Give again only the lines from the line that holds "A living room" to the end of the data, inclusive, omitting all pictures.

- [Given information]
:::::
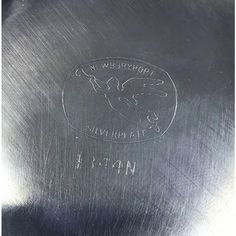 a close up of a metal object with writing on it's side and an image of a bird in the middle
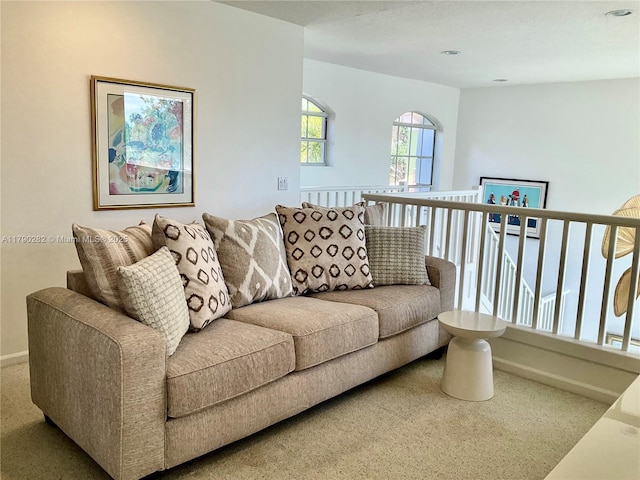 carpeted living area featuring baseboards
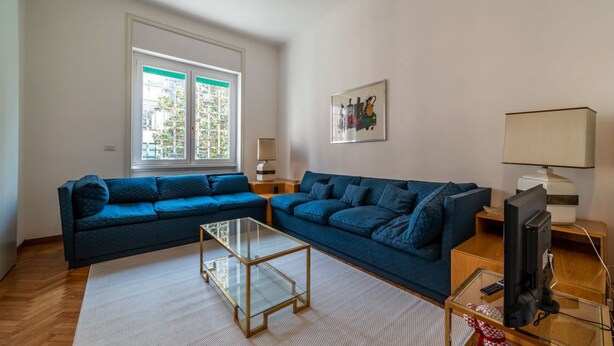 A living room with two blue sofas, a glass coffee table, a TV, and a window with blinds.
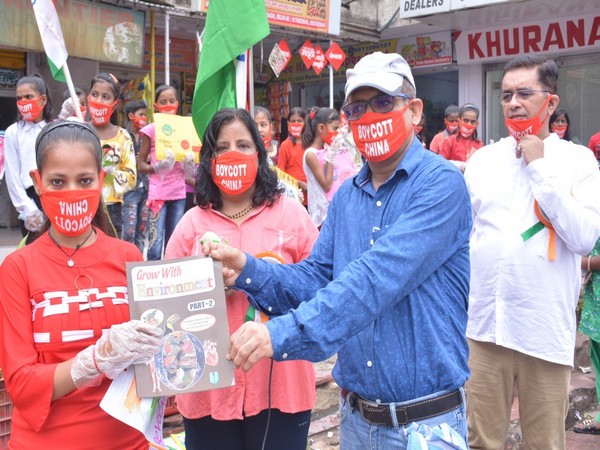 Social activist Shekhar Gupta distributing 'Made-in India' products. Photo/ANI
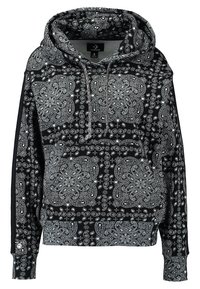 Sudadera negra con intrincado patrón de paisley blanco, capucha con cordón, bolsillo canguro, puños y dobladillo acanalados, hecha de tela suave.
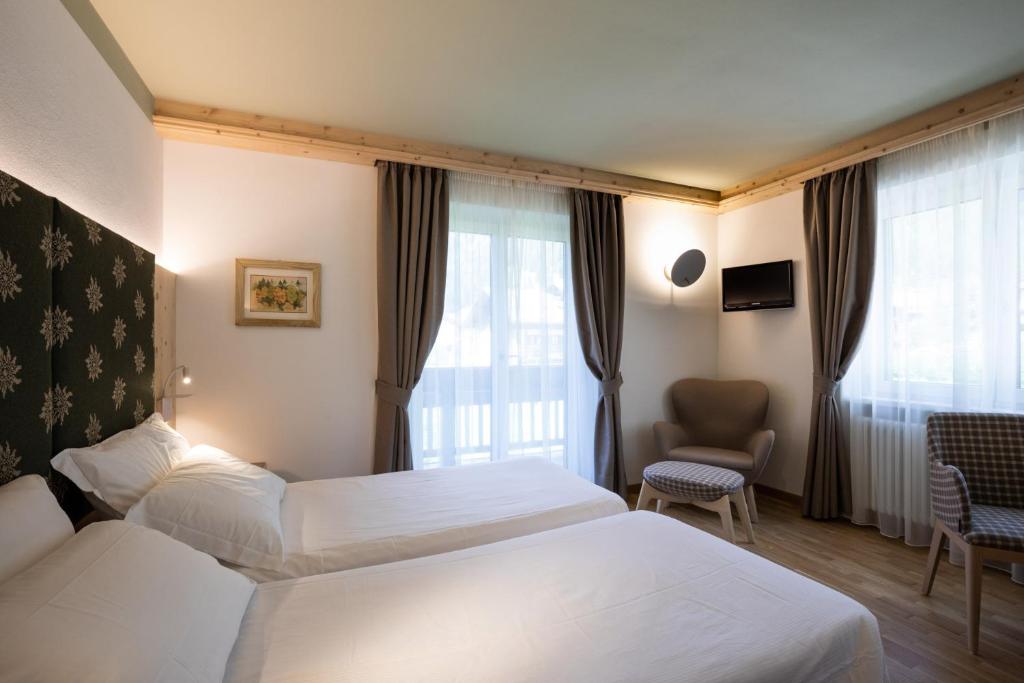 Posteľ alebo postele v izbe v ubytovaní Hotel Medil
:::::
- [Output]
 A living room with two blue sofas, a glass coffee table, a TV, and a window with blinds.
 Social activist Shekhar Gupta distributing 'Made-in India' products. Photo/ANI
 Sudadera negra con intrincado patrón de paisley blanco, capucha con cordón, bolsillo canguro, puños y dobladillo acanalados, hecha de tela suave.
 Posteľ alebo postele v izbe v ubytovaní Hotel Medil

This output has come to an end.